I still remember sitting in the backseat while my parents drove us out of the city, the car packed tight with blankets, food, folding chairs, and more things than I understood. I remember the feeling of arriving just before evening, when the light was turning gold and everything seemed quieter than home. I remember standing nearby as my parents set up the tent, watching them work together as if they had done it a hundred times before.
At that age, I did not notice the effort. I only felt the joy of it.
I remember the smell of the air in the morning. I remember waking up to trees instead of buildings, birds instead of alarms. I remember meals that tasted better simply because we were outside, and nights that felt bigger beneath an open sky. Camping gave my family a kind of closeness that felt different from everyday life. We were away from noise, away from routine, away from everything that usually pulled people in different directions.

As a child, I did not have the words for it, but I knew those weekends meant something.
They gave me memories that stayed.


"At that age, I did not notice the effort.
I only felt the joy of it."
Coming Back to It
Years later, when I had a wife and children of my own, I found myself wanting to give them the same thing.
I wanted my children to know that feeling of waking up outdoors. I wanted them to know the quiet of early morning at a campsite, the small excitement of unzipping a tent, the way a family can feel closer when there is nowhere else to be and nothing else competing for attention.
So we started camping together.
And in many ways, it was exactly as I remembered. There was still that feeling of leaving something behind when we drove out of the city.
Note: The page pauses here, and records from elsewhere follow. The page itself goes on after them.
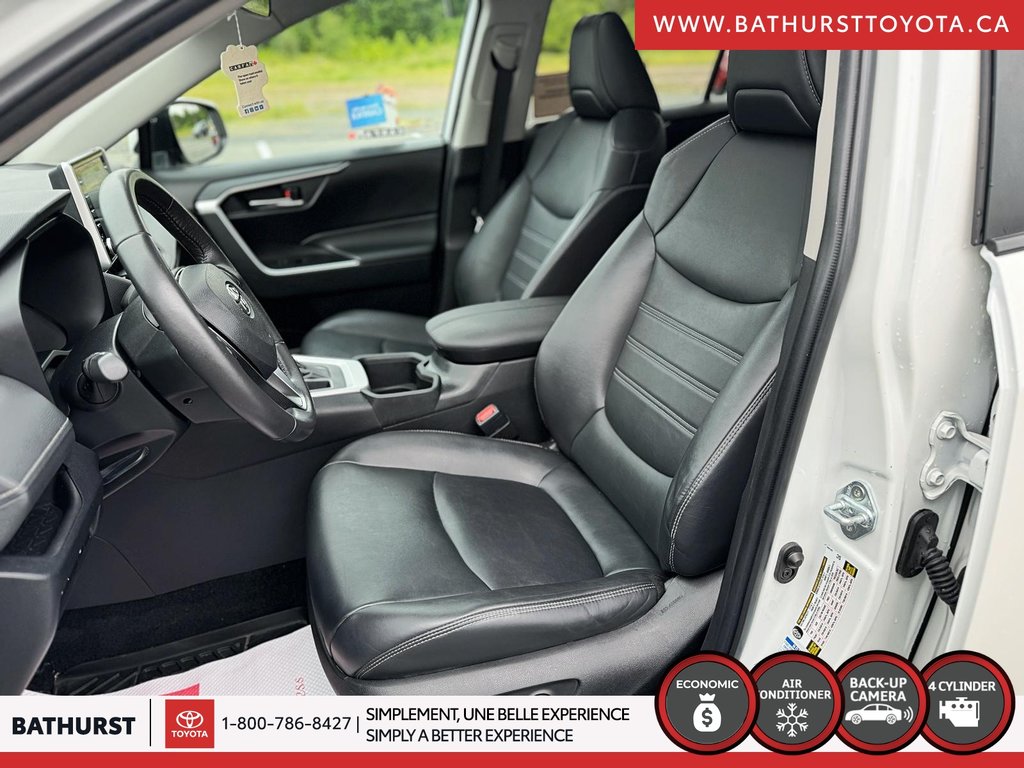 2022 Toyota RAV4 XLE in Bathurst, New Brunswick - 9 - w1024h768px
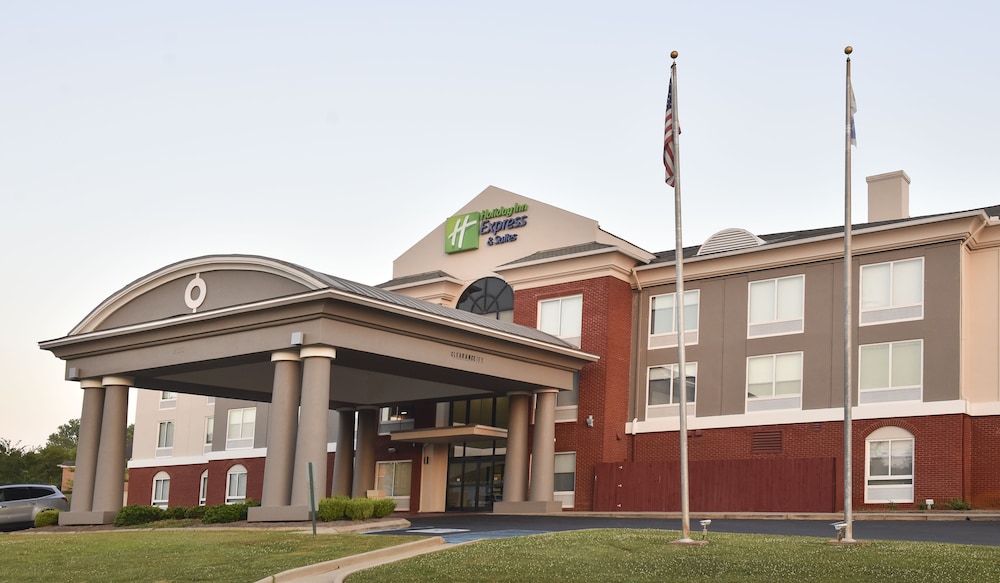 Holiday Inn Express Hotel & Suites Selma 1/65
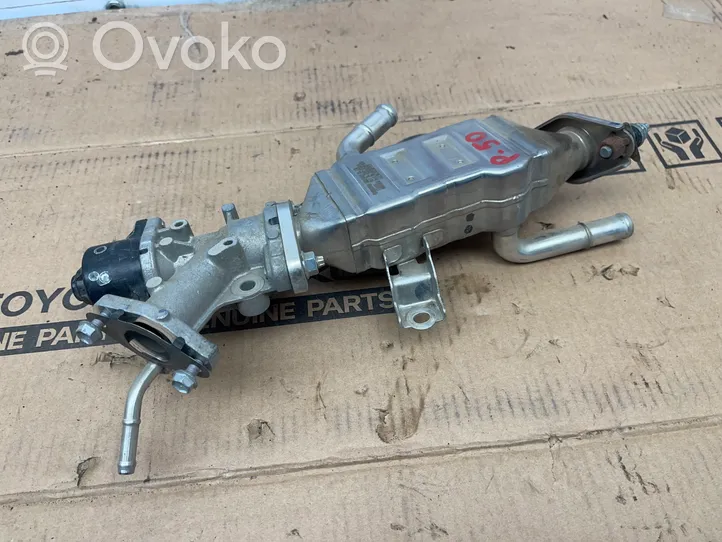 Toyota Prius (XW50) EGR-venttiili/lauhdutin 2560137020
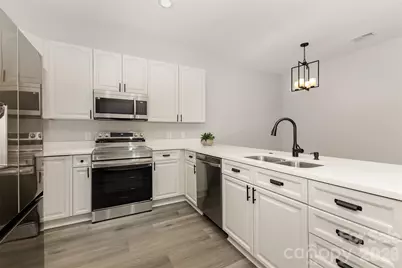 6204 Half Dome Drive, Charlotte, NC 28269 - Photo 5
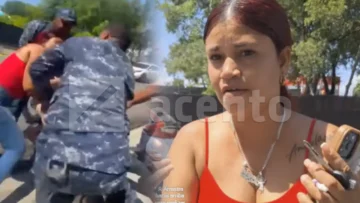 Indignación en Sabaneta por video de policías golpeando a joven frente a destacamento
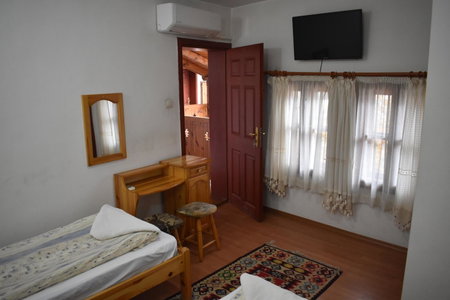 Хотел-механа Павлова къща, Chiprovtsi, Bulgaria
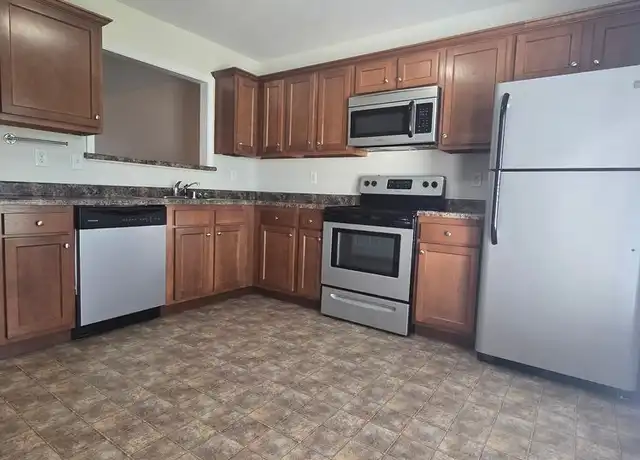 Property at 1073 Two Mile Rd, Winchester, KY, 40391, 2 beds, 2.5 baths, [object Object]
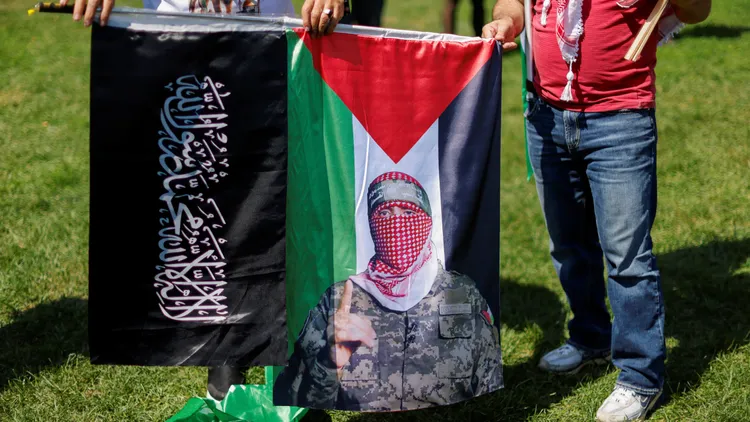 更有極端示威人士秀出哈瑪斯發言人阿布（Abu Obaida）圖像的旗子。路透社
There was still that sense that life slowed down the moment we arrived. There was still that simple happiness of being together in a place that asked less from you.
But there was something else I felt now that I had never felt as a child.
I felt the weight of it.
As a little boy, I only knew the softness of the memory. As a husband and father, I began to understand the work that came before it.


"I began to understand the work that came before it."